(Beginning of Material shown)

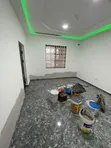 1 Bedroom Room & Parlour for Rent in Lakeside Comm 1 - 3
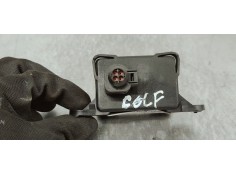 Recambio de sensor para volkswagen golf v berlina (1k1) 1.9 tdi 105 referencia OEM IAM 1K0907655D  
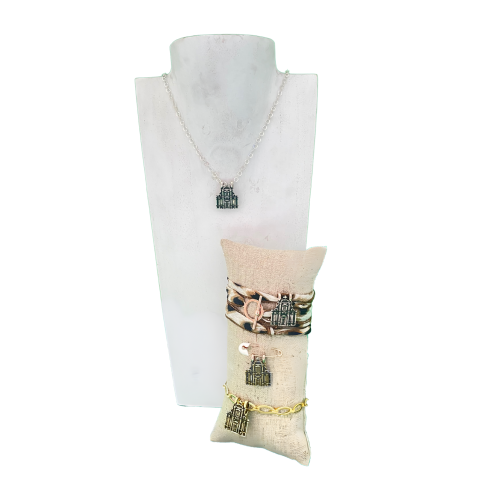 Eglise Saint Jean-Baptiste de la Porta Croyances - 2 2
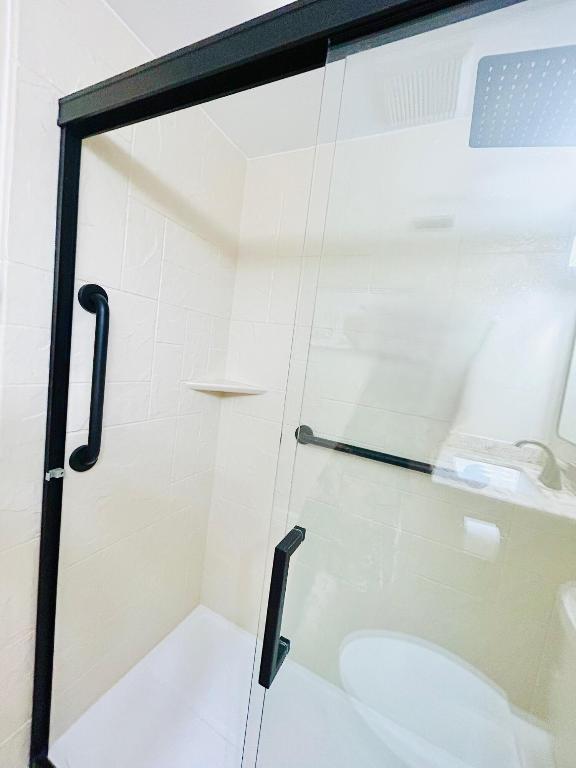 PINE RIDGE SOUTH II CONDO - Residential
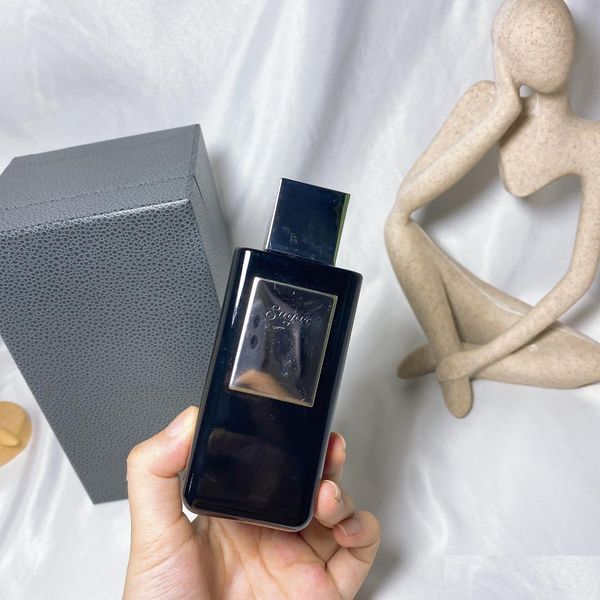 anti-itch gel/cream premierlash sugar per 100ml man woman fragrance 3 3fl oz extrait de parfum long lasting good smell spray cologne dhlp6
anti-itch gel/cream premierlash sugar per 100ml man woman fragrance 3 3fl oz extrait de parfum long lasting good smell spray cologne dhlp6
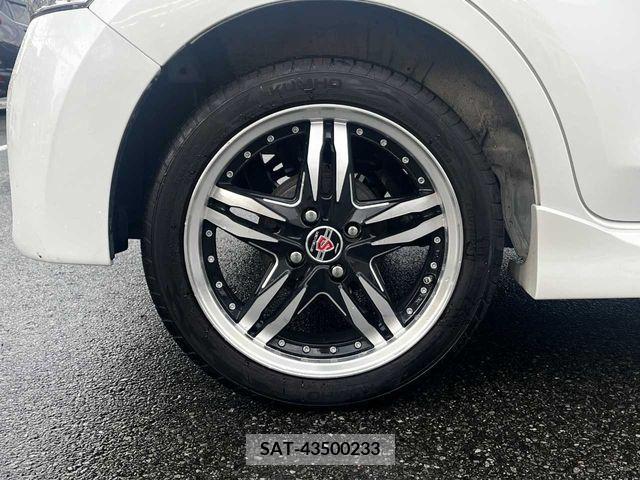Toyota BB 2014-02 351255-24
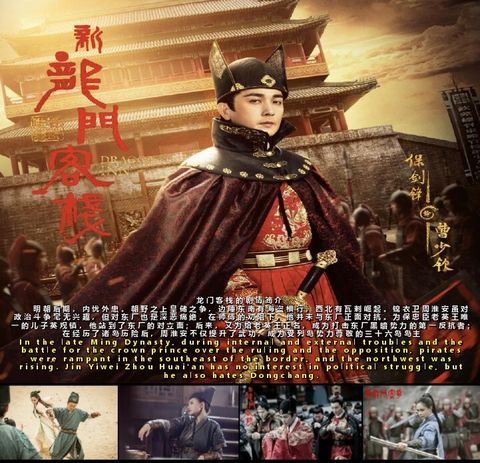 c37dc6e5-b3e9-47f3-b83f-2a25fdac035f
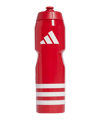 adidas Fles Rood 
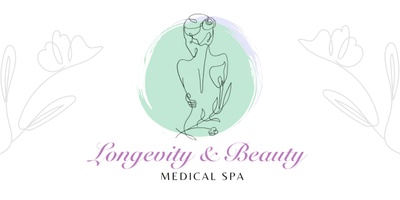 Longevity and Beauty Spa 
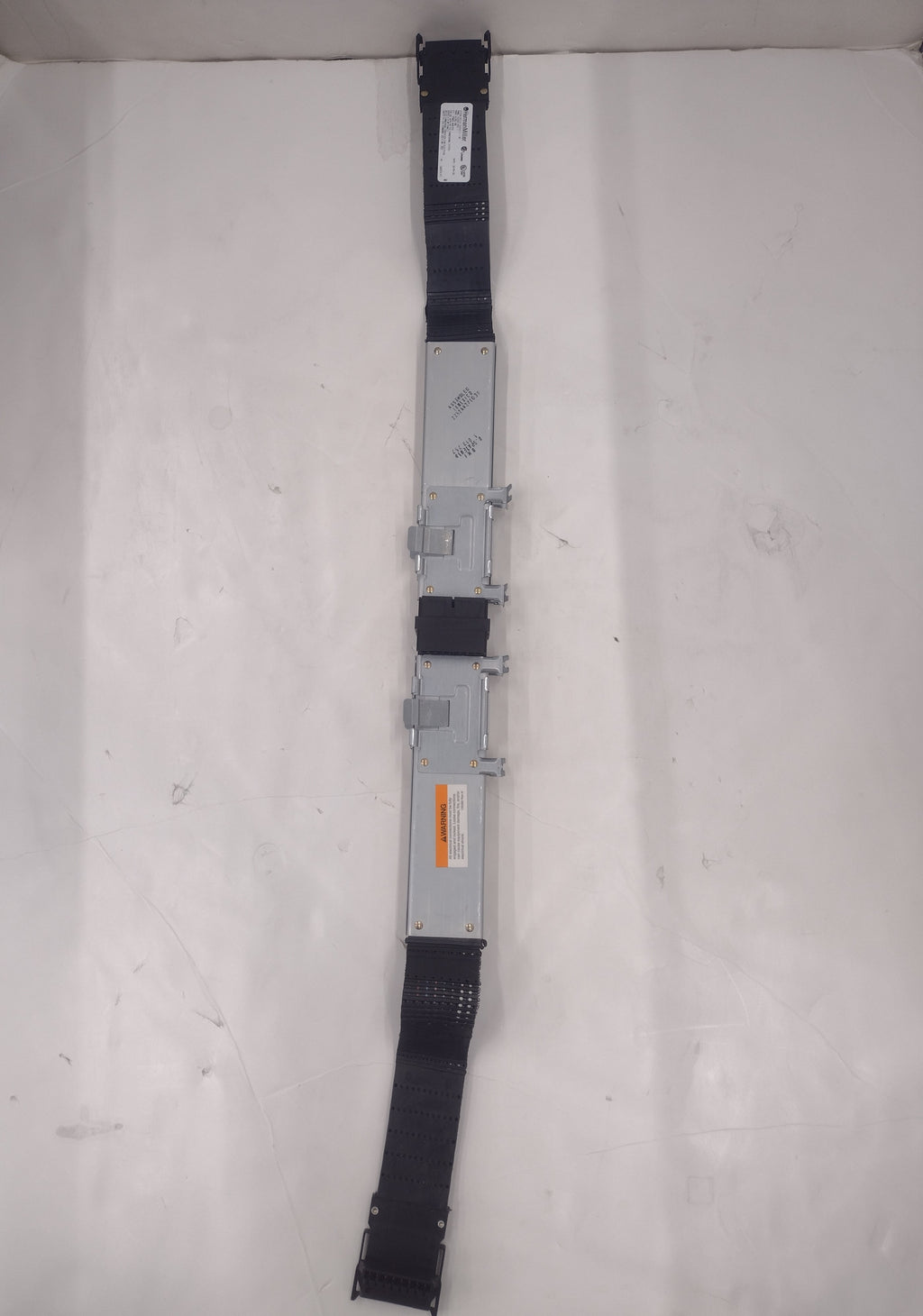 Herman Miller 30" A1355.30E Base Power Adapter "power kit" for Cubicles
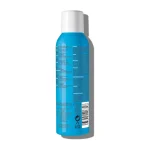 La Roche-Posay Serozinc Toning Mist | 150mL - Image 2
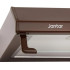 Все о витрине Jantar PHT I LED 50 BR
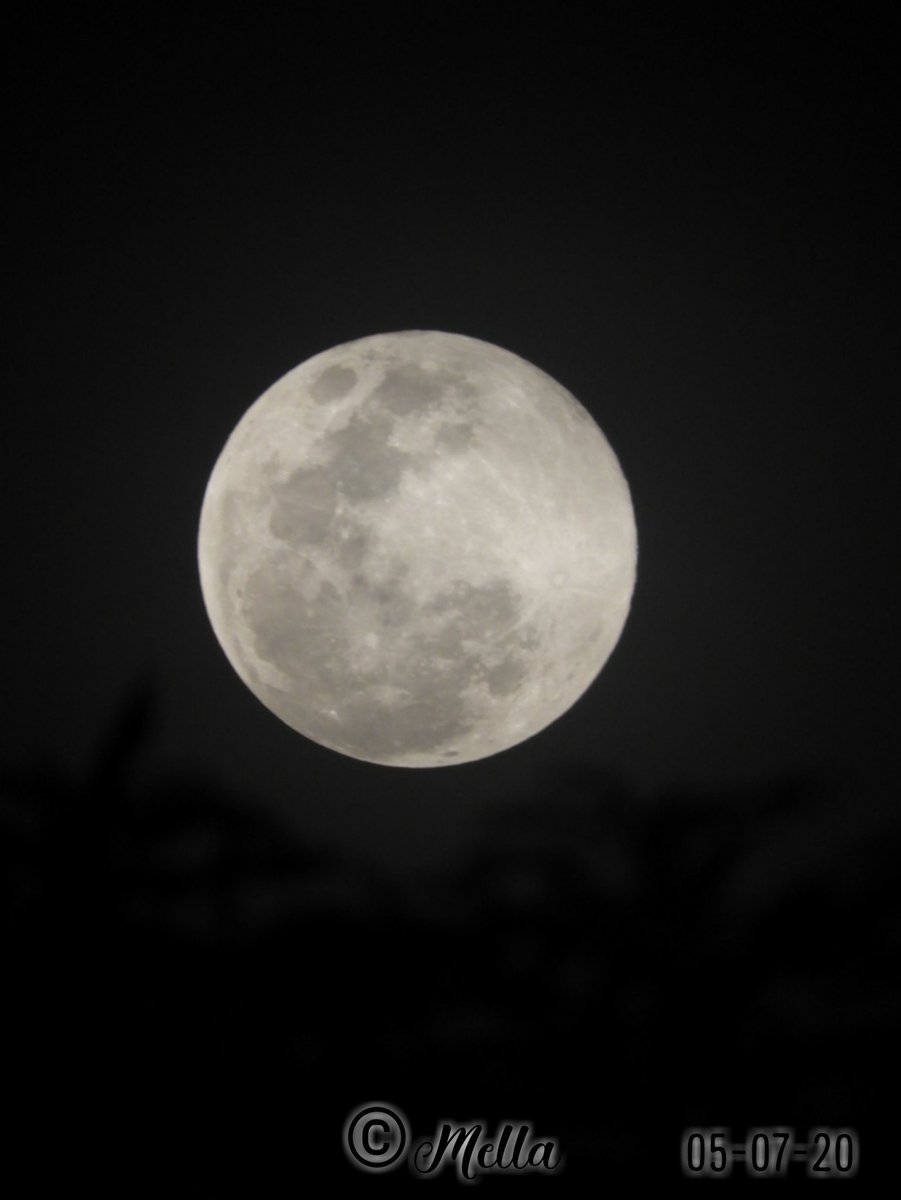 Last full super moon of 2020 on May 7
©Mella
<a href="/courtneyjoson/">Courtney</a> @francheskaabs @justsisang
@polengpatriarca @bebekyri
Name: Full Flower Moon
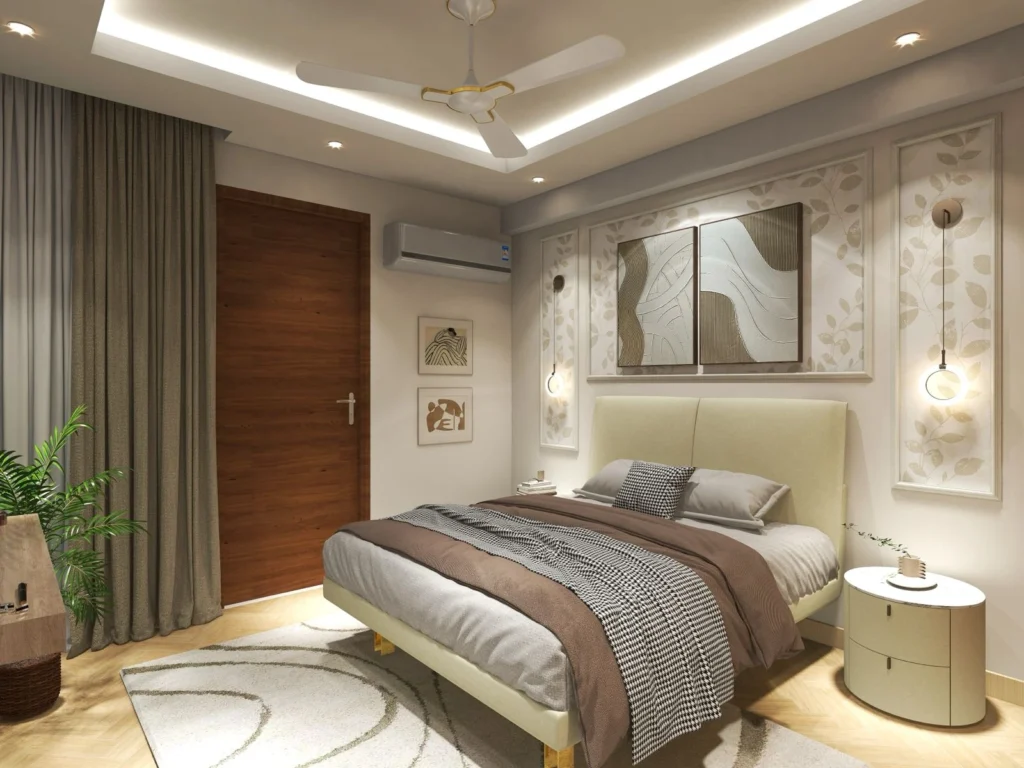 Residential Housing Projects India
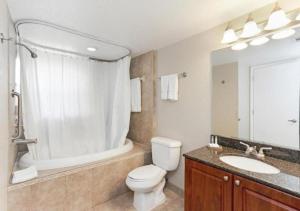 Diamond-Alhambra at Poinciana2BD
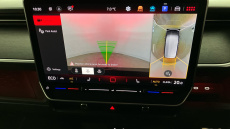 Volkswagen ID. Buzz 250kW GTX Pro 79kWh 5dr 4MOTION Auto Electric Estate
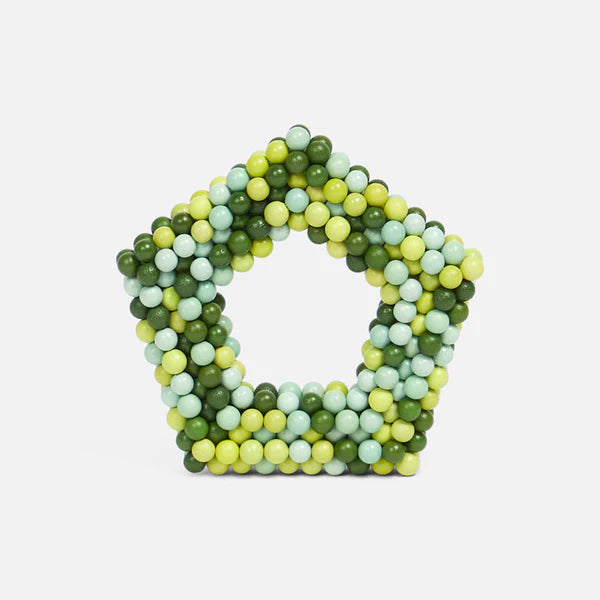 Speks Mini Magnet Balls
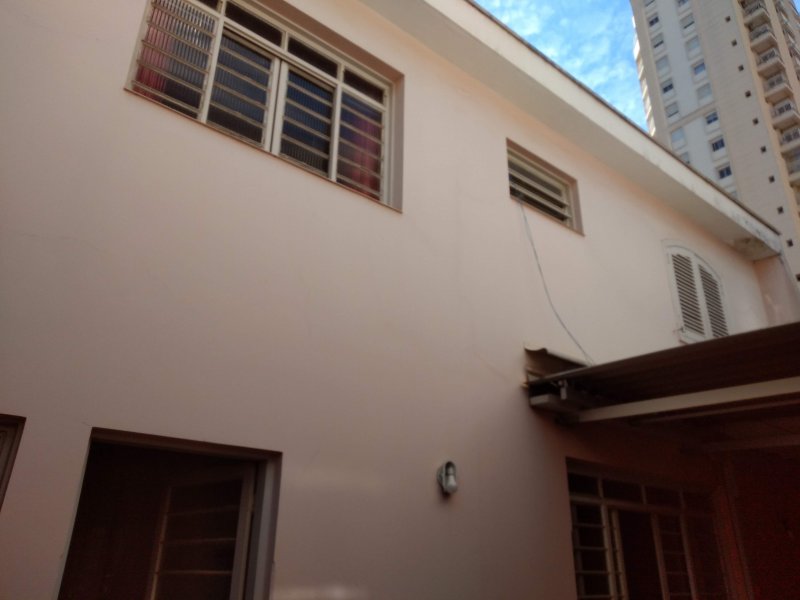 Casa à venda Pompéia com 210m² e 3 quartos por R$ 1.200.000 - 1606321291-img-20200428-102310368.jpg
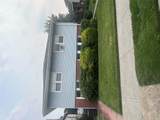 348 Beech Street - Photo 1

(End of Material shown)

- **Task to complete**: Starting at the line that contains "Last full super moon of 2020 on May 7", reproduce each line exactly through the end of the entries above, leaving every picture out.

- **Answer**:
 Last full super moon of 2020 on May 7
©Mella
<a href="/courtneyjoson/">Courtney</a> @francheskaabs @justsisang
@polengpatriarca @bebekyri
Name: Full Flower Moon
 Residential Housing Projects India
 Diamond-Alhambra at Poinciana2BD
 Volkswagen ID. Buzz 250kW GTX Pro 79kWh 5dr 4MOTION Auto Electric Estate
 Speks Mini Magnet Balls
 Casa à venda Pompéia com 210m² e 3 quartos por R$ 1.200.000 - 1606321291-img-20200428-102310368.jpg
 348 Beech Street - Photo 1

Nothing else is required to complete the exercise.